NYC farm-boy style
We spent three days in New York City. It’s amazing to me that we lived there for ten years, because I experience huge sensory overload when I’m there. I’m not sure why. I’m not sure if I was always that way or being at the World Trade Center on 9/11 made me that way. I think I’ve always been that way.
And I think my older son has sensory overload as well. He spent most of the trip playing with Legos underneath a slide in a playground in Tribeca. And when he came out voluntarily, it was usually for an animal.
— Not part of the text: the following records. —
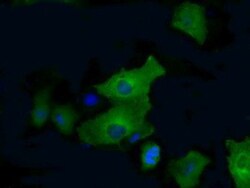 PFKFB4 Antibody (OTI1C8), Novus Biologicals 0.1mL; Unlabeled:Antibodies,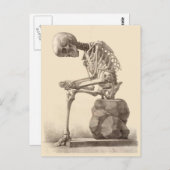 My Feet Are Killing Me Briefkaart (Voorkant / Achterkant)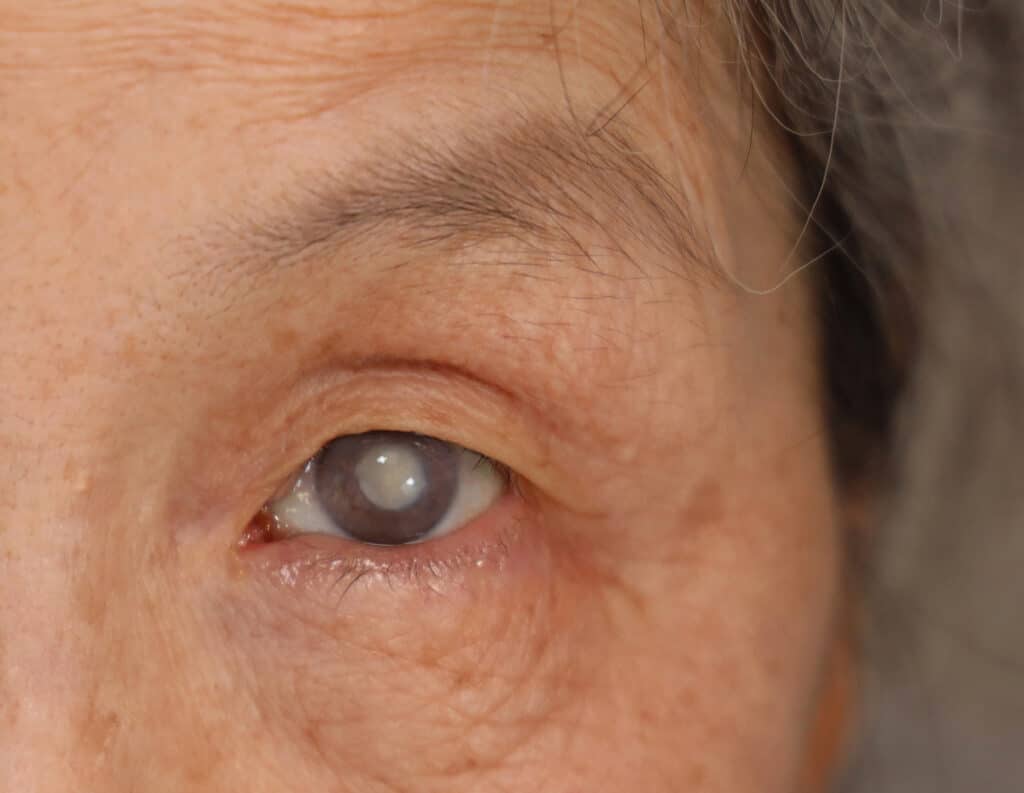 Eye with a cloudy cataract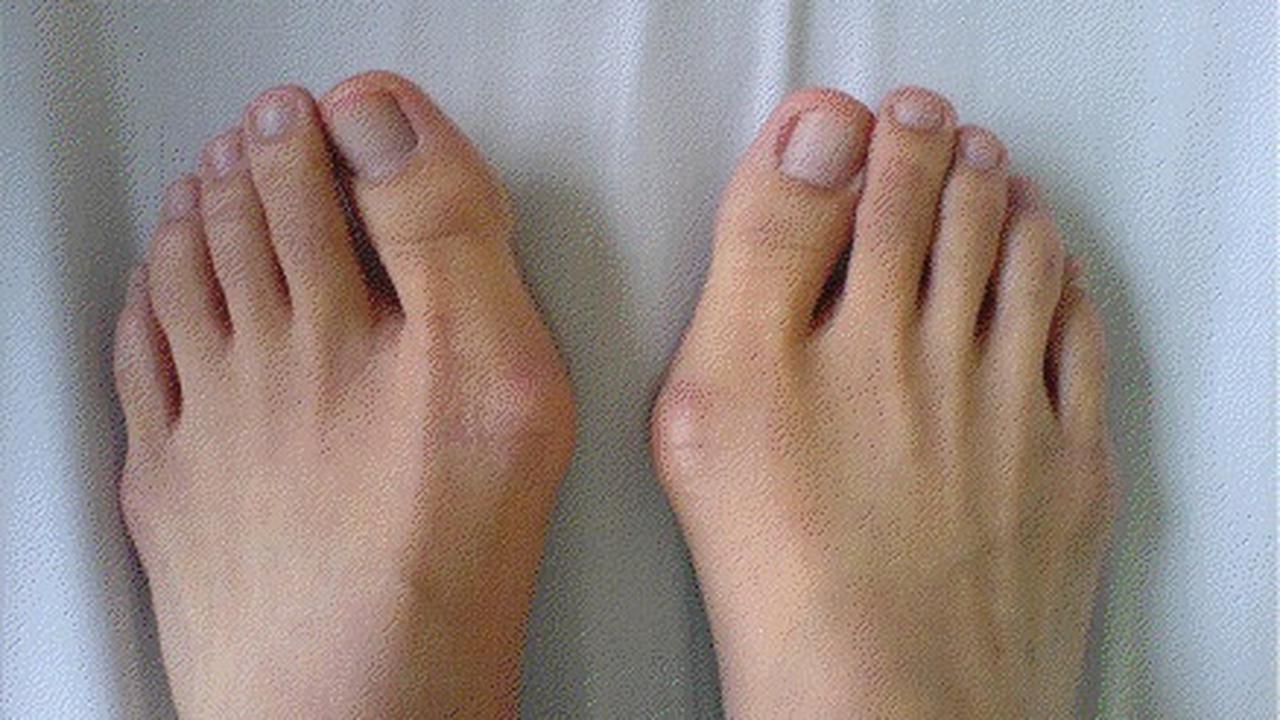 Bunion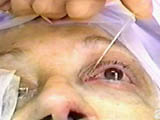 Implantation of Transnasal Lacrimal Stent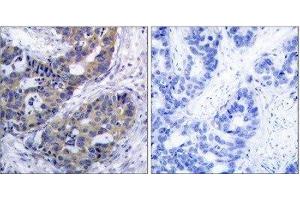 Immunohistochemistry (IHC) image for anti-Insulin Receptor Substrate 1 (IRS1) (Ser312) antibody (ABIN1848112) (IRS1 抗体  (Ser312))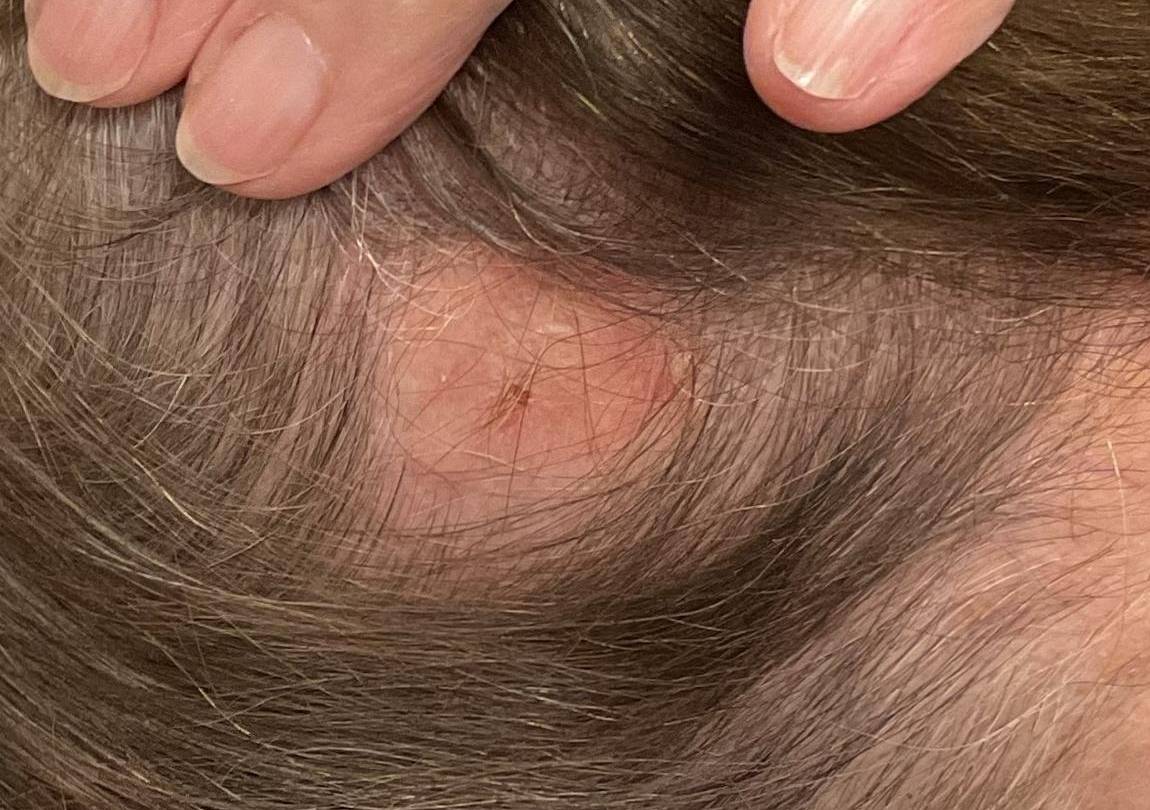 SRT-100 Before and After Case-103 After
The highlight of the trip for him was staying at my brother’s apartment, because he has a Labradoodle. My son’s second-favorite part of the trip was feeding the goats in the Central Park Zoo. No joke. You should have seen my husband, the Farmer, doling out quarters so my son could pay to feed goats even though his job on the farm is to feed goats every morning. My husband said, “Maybe I should charge you quarters for doing your chores at home and then I wouldn’t have to nag you.”
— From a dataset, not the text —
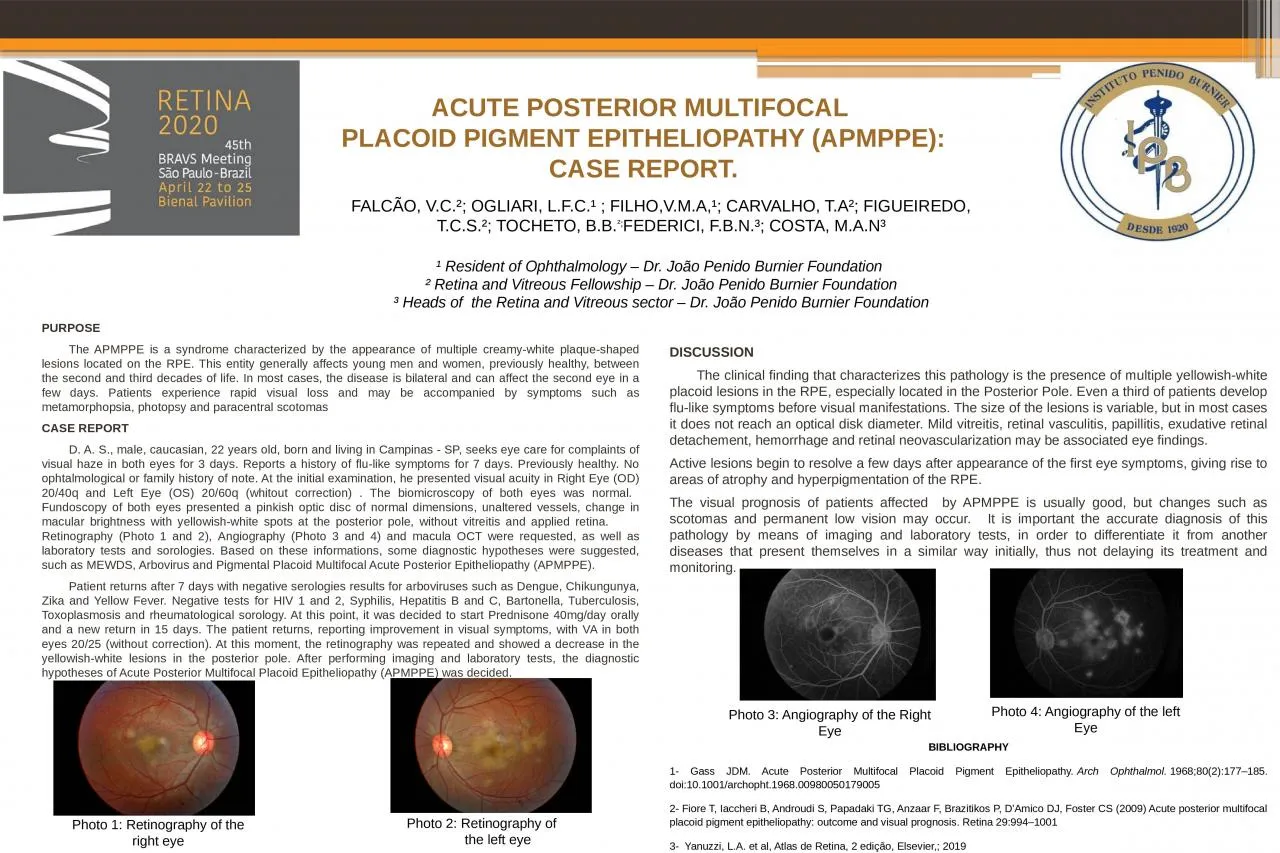 PPT-PURPOSE The APMPPE is a syndrome characterized by the appearance of multiple creamy-white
My takeaway from this trip is that kids know how to find where they belong. If you give kids the chance. Even in New York City, my son sought out the quiet places and the animals.
I had worked with a career coach once who asked me to think of my favorite time in my childhood. And it was clear to me that doing that exercise allowed me to focus in on what I should be doing as an adult. We all know what we should be doing—we know it even as children. But if we don’t practice acting on that knowledge then, as adults, we are scared to direct ourselves and we feel lost in the workworld where we have to make career decisions for ourselves.
Your sons are so different and yet they (each in their own way) teach you so much about yourself.
YES.
I found this post to be really interesting. I feel like I have an understanding of myself that I didn’t have before. I had to read it several times to understand why I couldn’t relate until I figured it out and that it applied to me as well.
As an adult I spent 10 + years completely finding myself. I was able to do this because I didn’t get married, didn’t have kids and didn’t own a house. I had no obligations financial or personal so I was free to do what I wanted. I worked part time, moved 3000 miles across the country and basically spent my free time doing things I wanted to do. Now as an adult I am very happy and I find making career decisions come very easily. I think though it has a lot to do with many years of “practicing acting on that knowledge” of what I should be doing.